# Week 4 Overview
This week, you’ll explore two powerful strategies for identifying causal relationships when traditional regression methods fall short: **instrumental variables** and **regression discontinuity designs**. 
- You’ll begin by learning how **instrumental variables** can help isolate causal effects when a confounder — something that influences both the treatment and the outcome — makes it difficult to draw conclusions from observational data. 
- Then, you’ll turn to **regression discontinuity**, a method that uses sharp thresholds (like test score cutoffs) to simulate randomized experiments and uncover treatment effects.
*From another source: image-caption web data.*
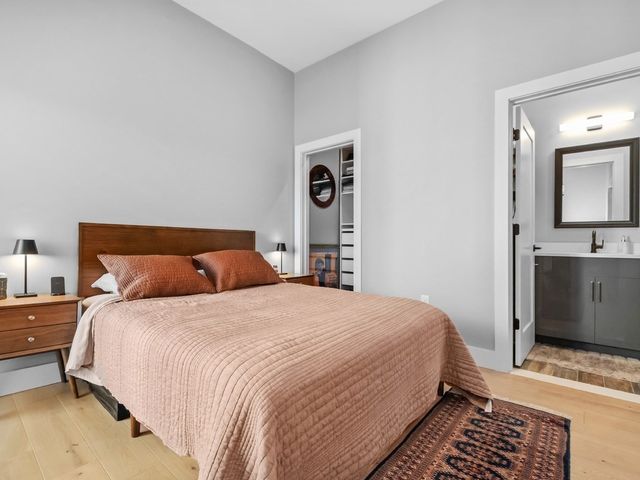 60 Cross St E 320, Somerville, MA 02145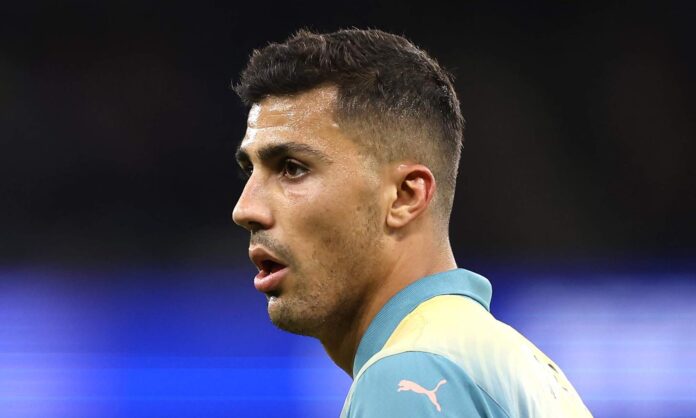 Rodri Hernández jugando un partido con el Manchester City.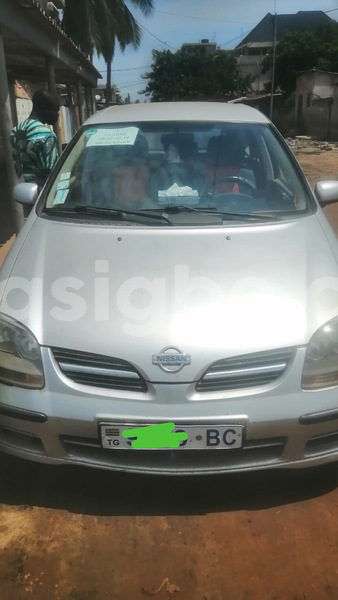 Big with watermark nissan almera tino maritime lome 11440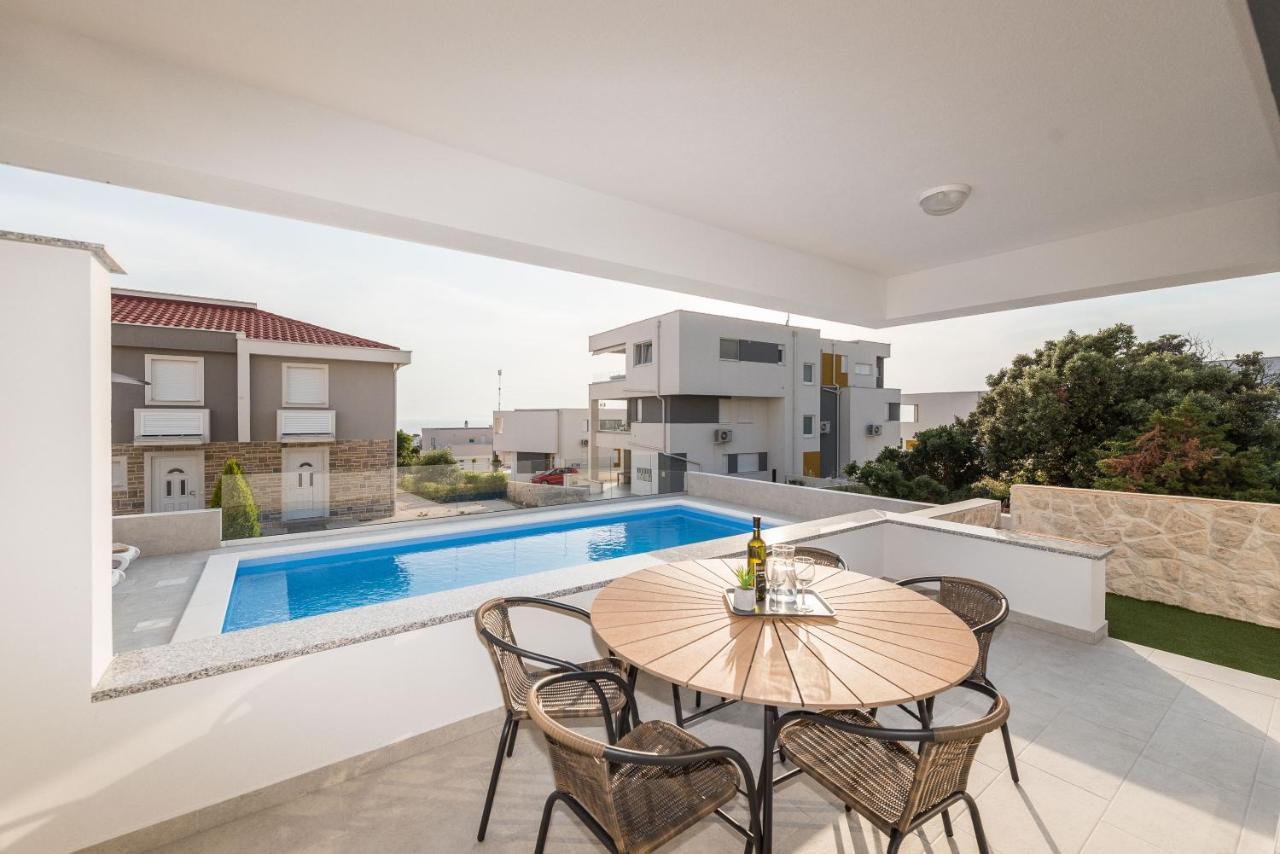 Sara Luxury Apartment With A Pool Novalja Extérieur photo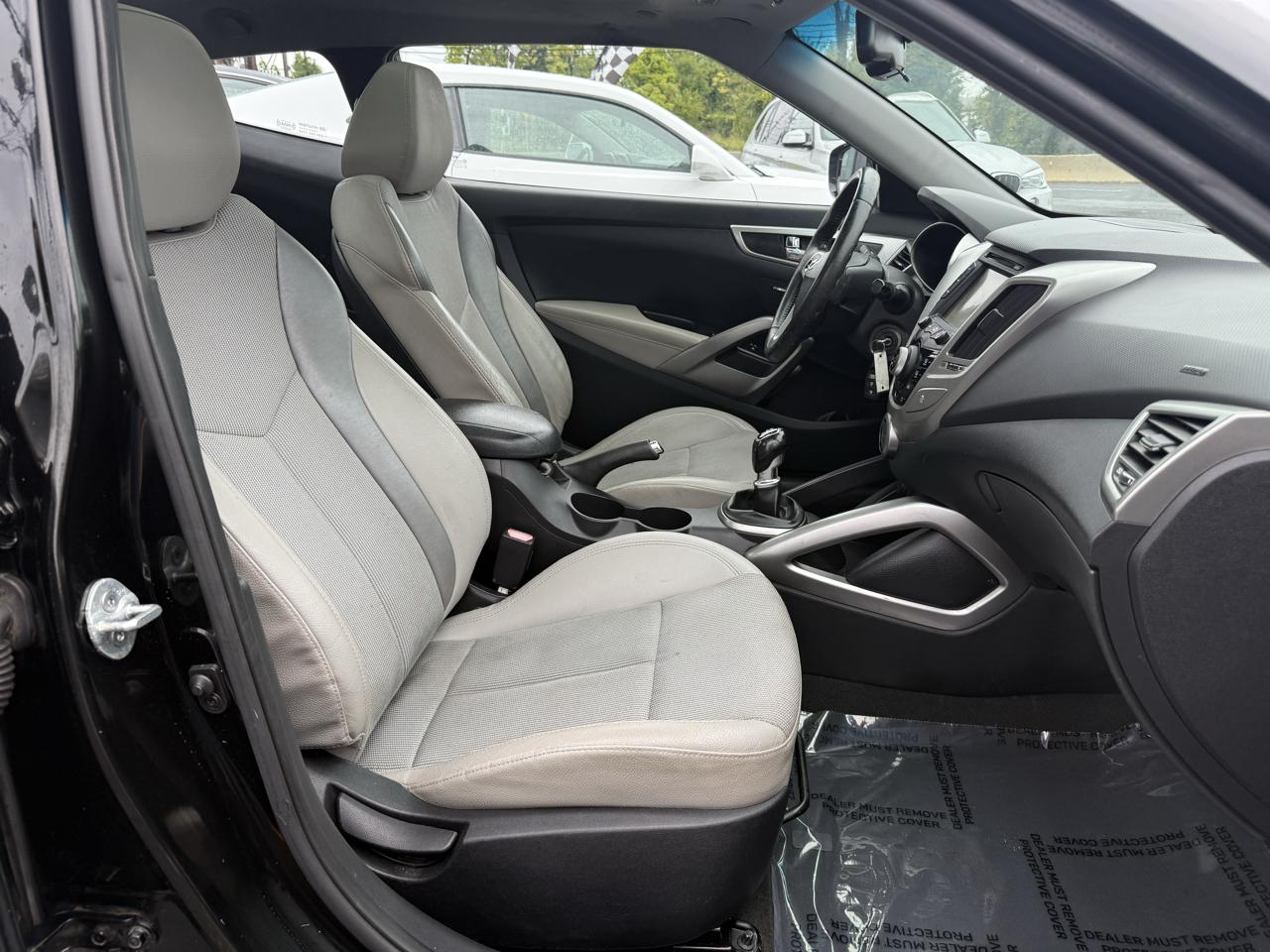Hyundai Veloster Base 2013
Through hands-on data exercises, you'll practice computing these effects, compare different estimation methods, and create your own scenarios to deepen your understanding of each approach. By the end of the week, you'll be better equipped to design and interpret studies that go beyond correlation and aim for true causal insight.

### Learning Objectives 
At the end of this week, you will be able to: 
- Conduct an instrumental variables study 
- Invent your own scenario that uses instrumental variables 
- Conduct a regression discontinuity study 
- Invent your own regression discontinuity example 

##  Instrumental Variables
An **instrumental variable (IV)** is a variable that influences the treatment but has no direct effect on the outcome, except through that treatment. 

**Instrumental variables** are used in causal inference when we suspect that a variable influencing the outcome is also related to an unmeasured confounder — making simple regression unreliable for identifying cause and effect. 
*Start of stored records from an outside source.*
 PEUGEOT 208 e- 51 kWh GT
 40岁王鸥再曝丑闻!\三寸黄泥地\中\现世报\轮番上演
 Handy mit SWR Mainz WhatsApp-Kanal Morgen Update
An **instrumental variable** helps solve this problem by serving as a tool to indirectly manipulate the treatment variable without being directly connected to the outcome itself, except through that treatment.

For an instrument to be valid, it must be correlated with the treatment and affect the outcome only through the treatment — not through any other path. 

IV methods are especially valuable when randomized experiments aren’t possible, allowing researchers to simulate experimental conditions within observational data. 

By using an instrument to isolate variation in the treatment that is independent of confounders, we can more confidently estimate the true causal effect.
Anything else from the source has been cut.